Samuel Earle: Locking down with Kafka
Kafka’s characters are almost always trapped – in a cage, a court case, an insect’s body, a false identity – and they share a feeling that the walls are closing in, and that a door, once there, is disappearing into the distance. This existential claustrophobia, at once vague and intense, resonates today, particularly under lockdown. In A Report to an Academy, a short story published by Franz Kafka in 1919, an ape named Red Peter gives a lecture to a scientific conference, recalling how he was hunted in the jungle and then awoke one day in a cage, unable to return to the old way of life he had loved.
“For the first time in my life I could see no way out,” the
ape says of his captivity. “Hopelessly sobbing, painfully hunting for fleas,
apathetically licking a coconut, beating my skull against the locker, sticking
out my tongue at anyone who came near me – that was how I filled in time in my
new life. But over and above it all only the one feeling: no way out.”
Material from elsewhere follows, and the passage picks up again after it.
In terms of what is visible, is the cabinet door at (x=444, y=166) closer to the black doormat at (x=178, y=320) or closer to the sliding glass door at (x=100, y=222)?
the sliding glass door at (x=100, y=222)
In our time of plague, a quasi-official cast of oracles has
emerged: Albert Camus, Daniel Defoe, Susan Sontag, José Saramago – writers
whose novels and essays on infectious disease have acquired a new pertinence
and reached new audiences. Kafka is nowhere to be found on such lists, yet in
his life and writing we encounter a different kind of relevance: less literal
and more ambient. He is a writer who inhabited a similar nest of neuroses to
those presented by a pandemic, and who made this nest his home….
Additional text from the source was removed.